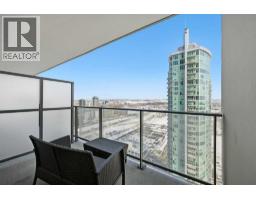 2604, 1122 3 Street Se, Calgary, AB T2G1H7 Photo 34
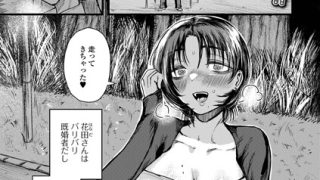 おくさまっちんぐ！（単話）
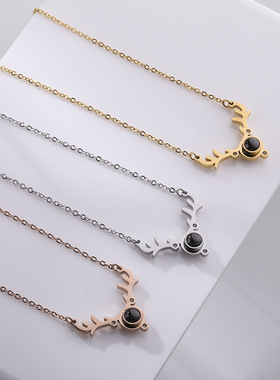 一路有你创意鹿角形状钛钢锁骨链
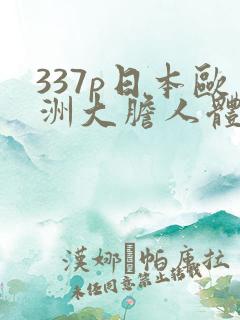 337p日本欧洲大胆人体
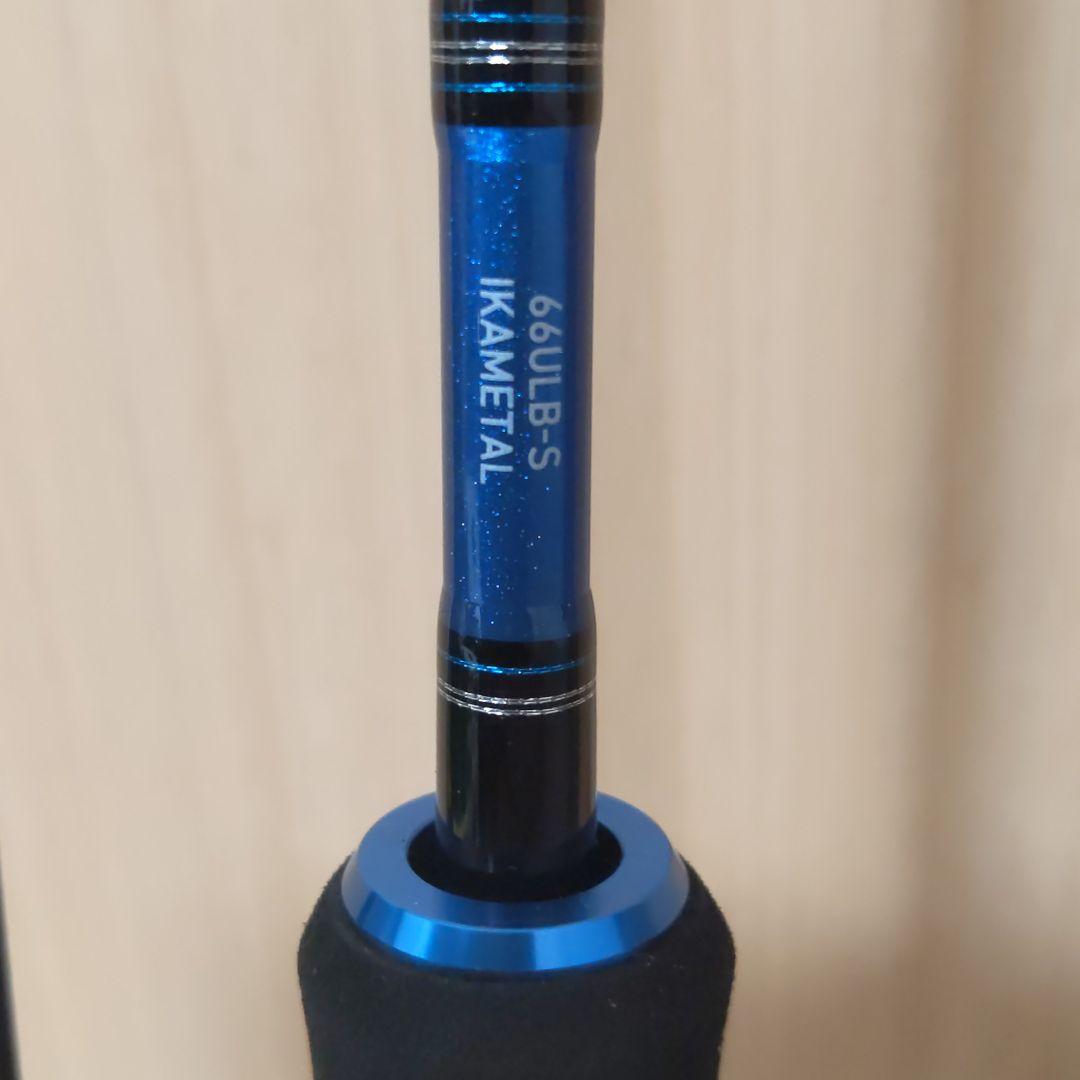 ダイワ　イカ釣りロッド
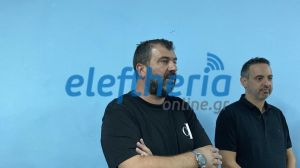 diaititesagiasmosepisimienarxiesezonf8_result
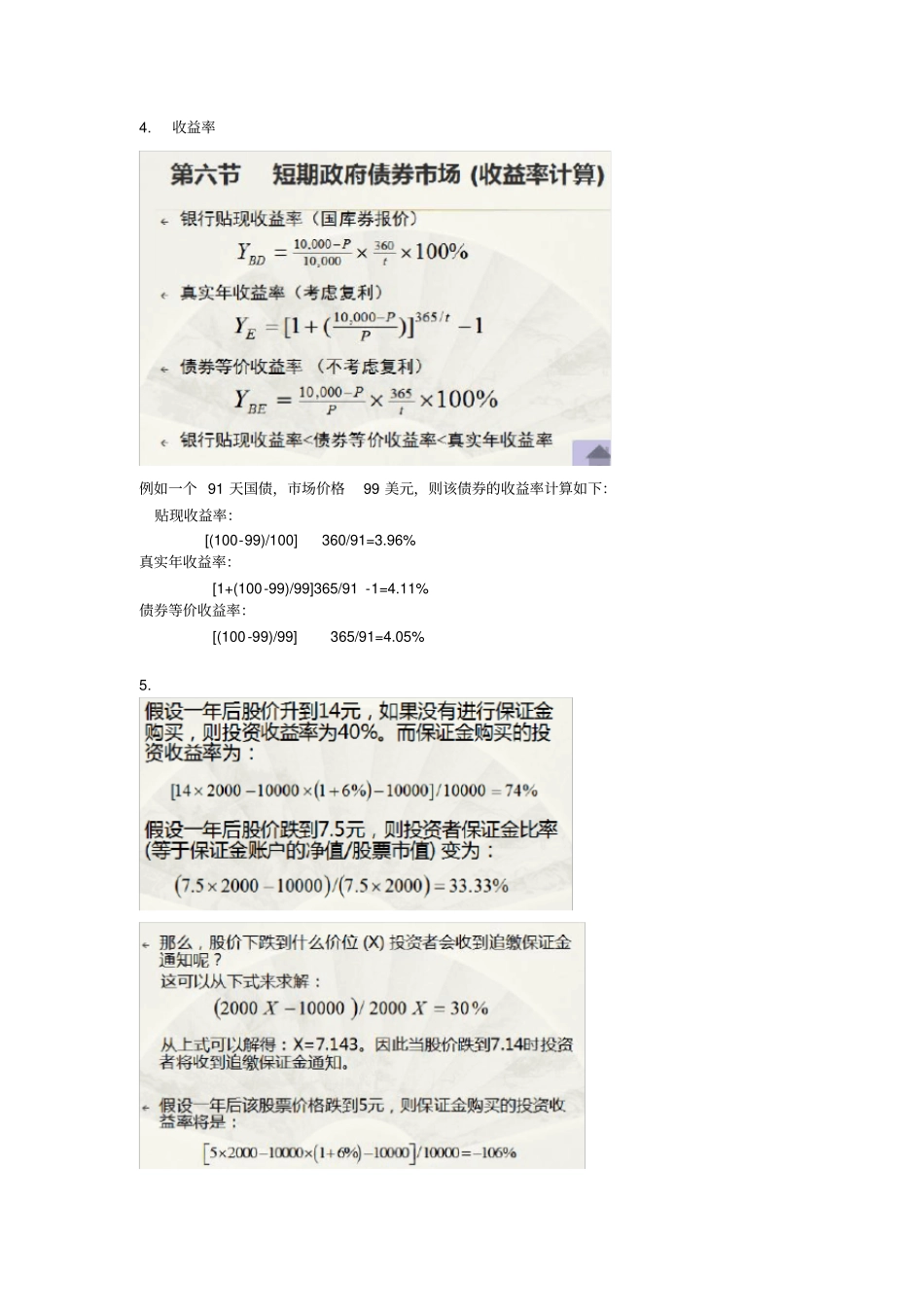 (整理)金融市场学计算题_第2页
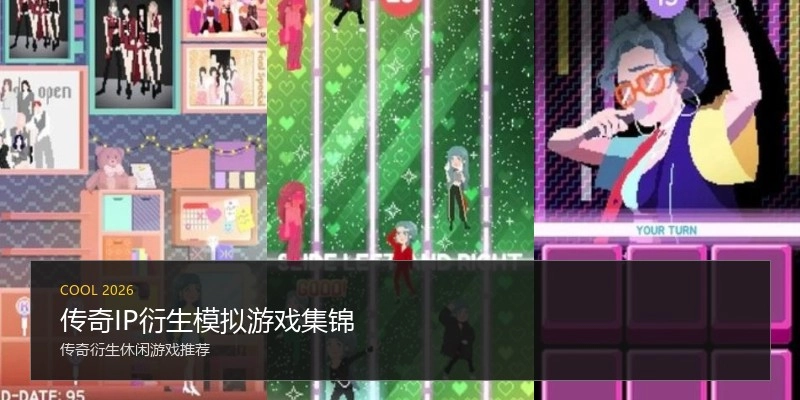 传奇IP衍生模拟游戏集锦
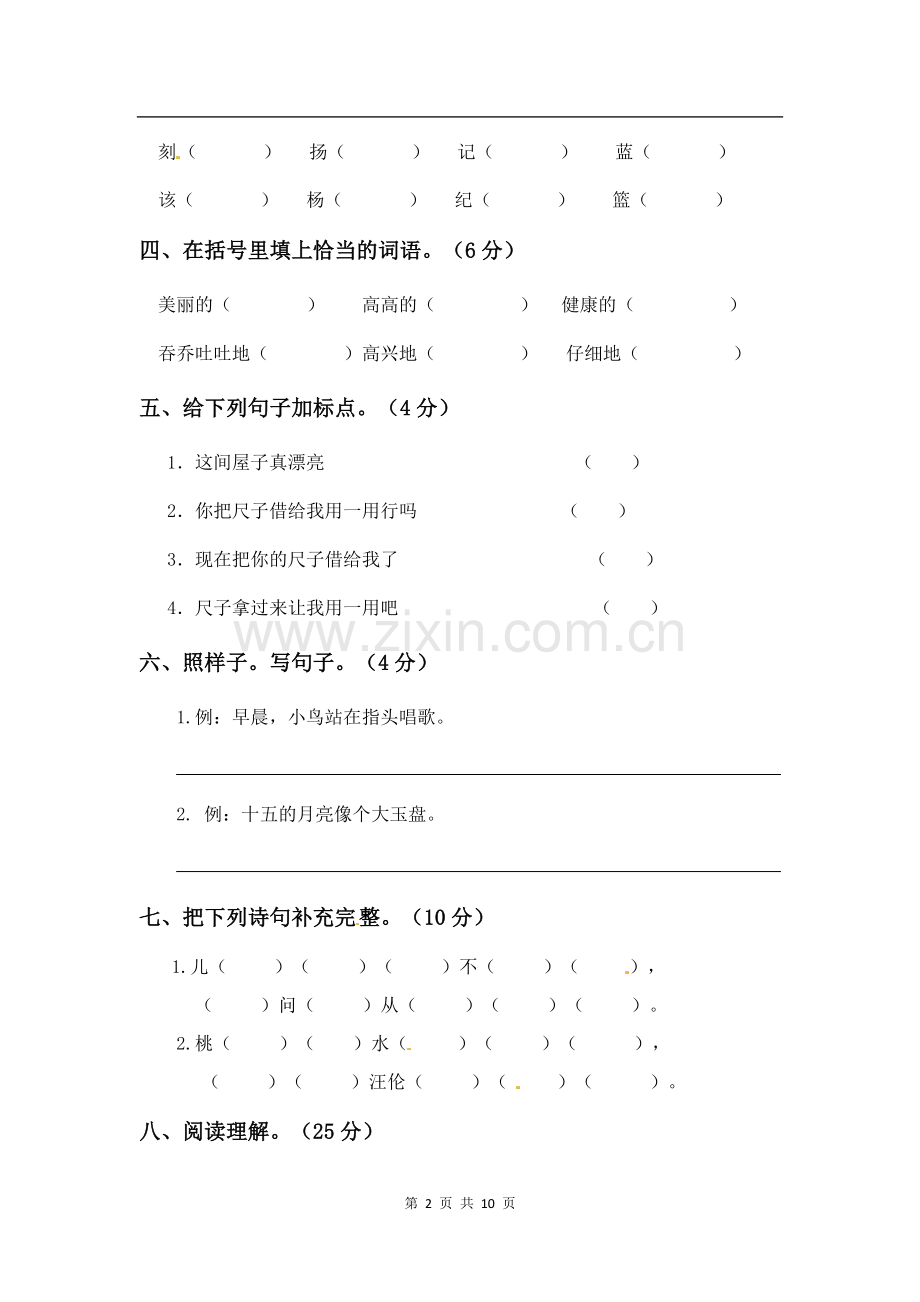 2021-2022学年部编版语文二年级上册第三次月考试卷试题及答案2套.docx_第2页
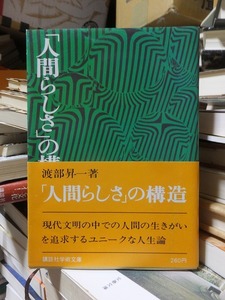 「人間らしさ」の構造　　　　　　　　　　　　渡部昇一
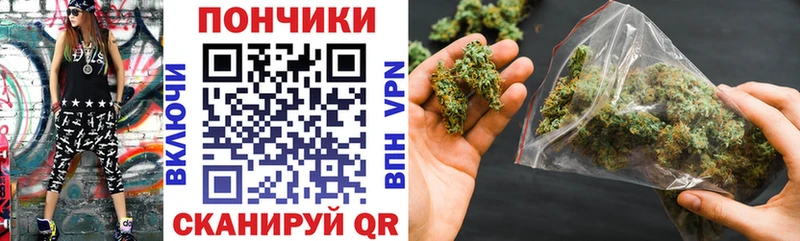 МЕГА ссылки  Темрюк  Шишки марихуана планчик 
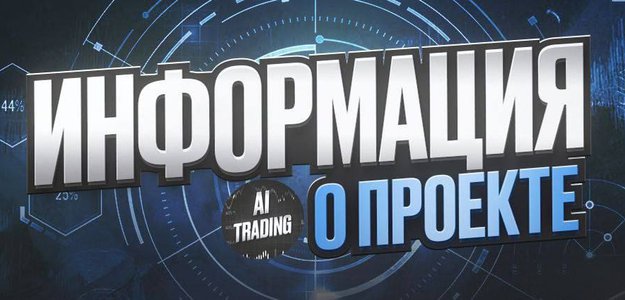 AI Trading простой путь к пассивному доходу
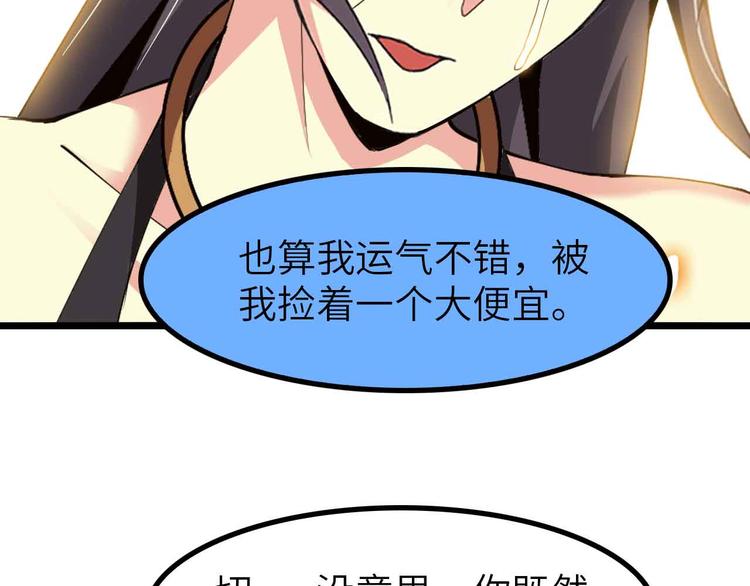 第193话 被制服的大美女30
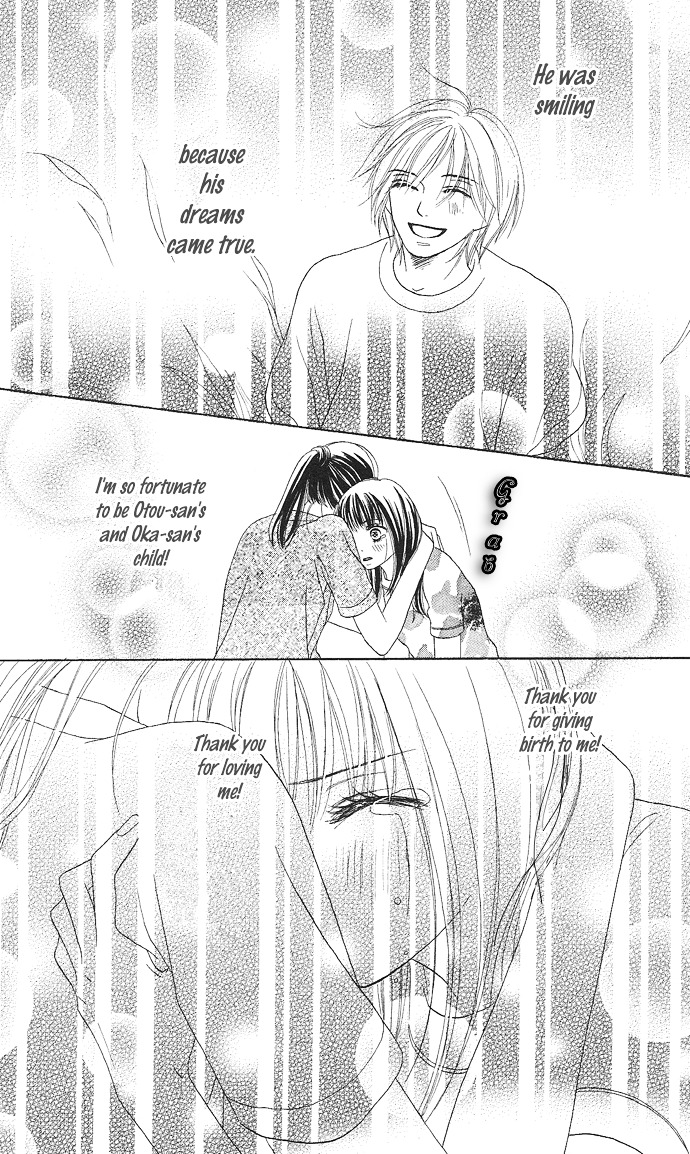 Rakuen (SAKURAKOUJI Kanoko) Chapter 2 page 73 - Chapter story:-2 : 02: Summer Rain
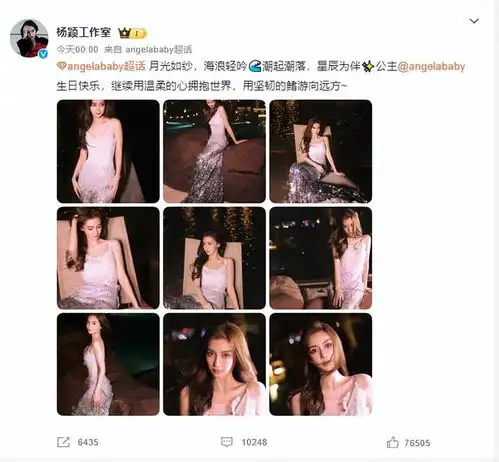 一场生日,娱乐圈的世态炎凉,在杨颖身上体现得淋漓尽致
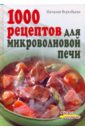 цена Воробьева Наталия Васильевна 1000 рецептов для микроволновой печи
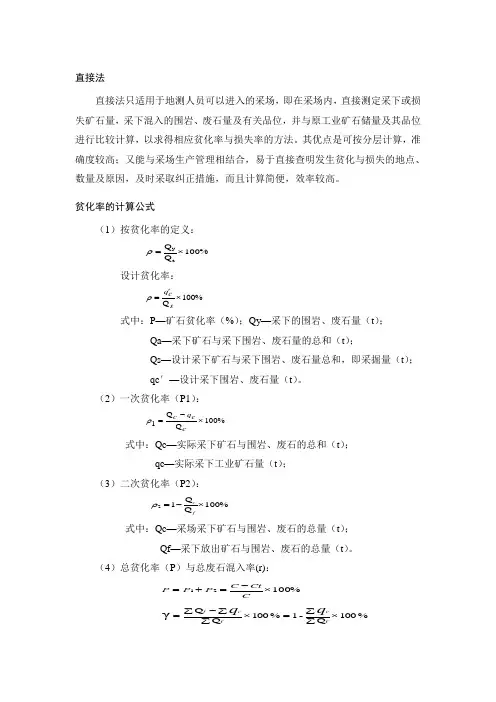 直接法计算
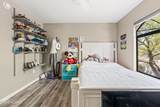 5751 Kolb Road - Photo 23
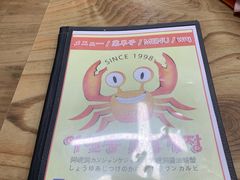 -阿岘洞酱蟹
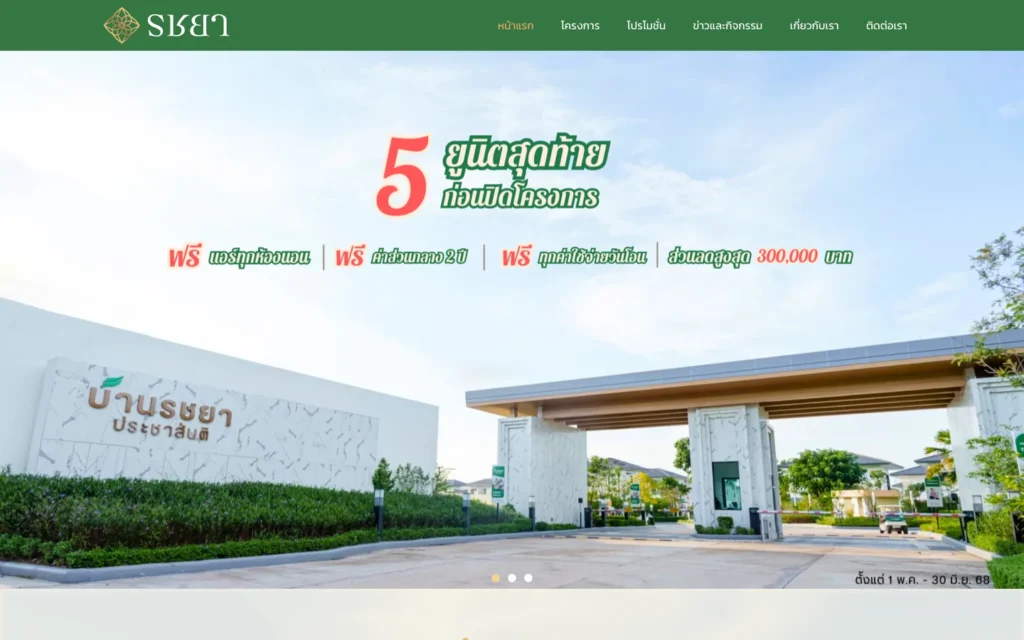 หน้าแรกเว็บไซต์ บ้านรชยา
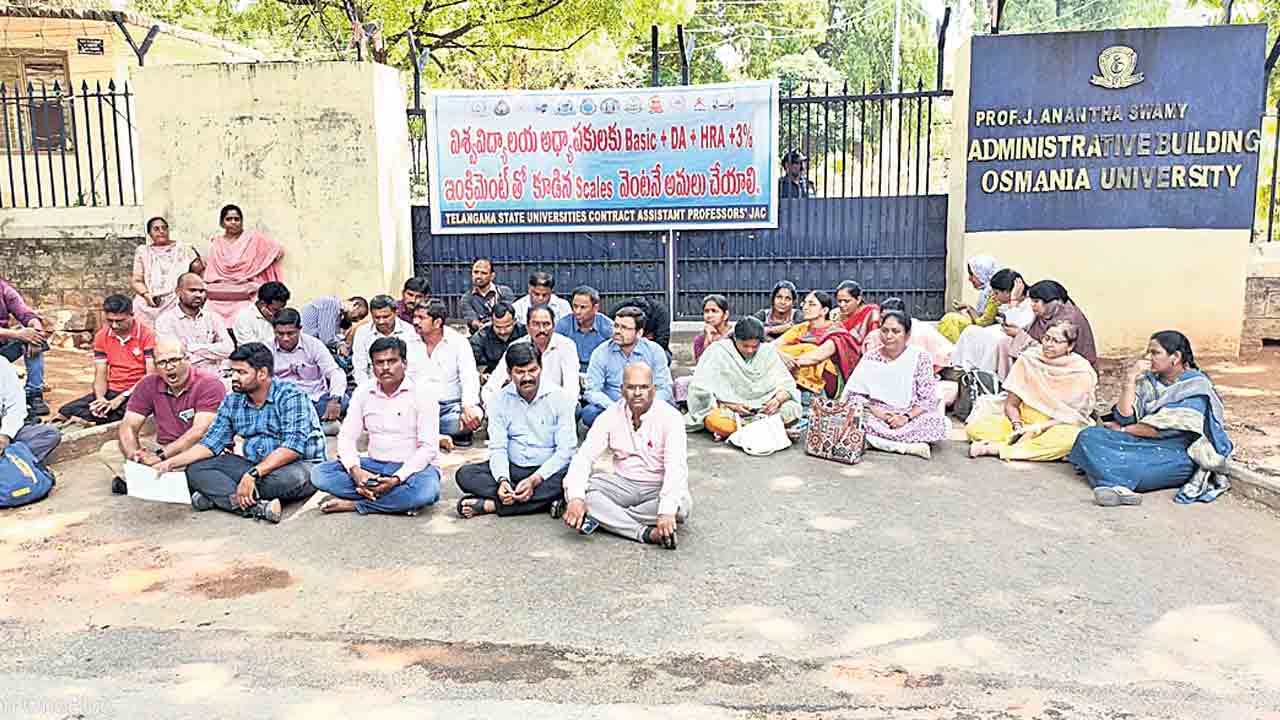 ఉద్యోగ భద్రత కల్పించాలి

────────────────

§ **How to complete this task**
Set down the records again exactly as they appear, leaving each picture behind.

§ **Expected output**
 2604, 1122 3 Street Se, Calgary, AB T2G1H7 Photo 34
 おくさまっちんぐ！（単話）
 一路有你创意鹿角形状钛钢锁骨链
 337p日本欧洲大胆人体
 ダイワ　イカ釣りロッド
 diaititesagiasmosepisimienarxiesezonf8_result
 (整理)金融市场学计算题_第2页
 传奇IP衍生模拟游戏集锦
 2021-2022学年部编版语文二年级上册第三次月考试卷试题及答案2套.docx_第2页
 「人間らしさ」の構造　　　　　　　　　　　　渡部昇一
 МЕГА ссылки  Темрюк  Шишки марихуана планчик 
 AI Trading простой путь к пассивному доходу
 第193话 被制服的大美女30
 Rakuen (SAKURAKOUJI Kanoko) Chapter 2 page 73 - Chapter story:-2 : 02: Summer Rain
 一场生日,娱乐圈的世态炎凉,在杨颖身上体现得淋漓尽致
 цена Воробьева Наталия Васильевна 1000 рецептов для микроволновой печи
 直接法计算
 5751 Kolb Road - Photo 23
 -阿岘洞酱蟹
 หน้าแรกเว็บไซต์ บ้านรชยา
 ఉద్యోగ భద్రత కల్పించాలి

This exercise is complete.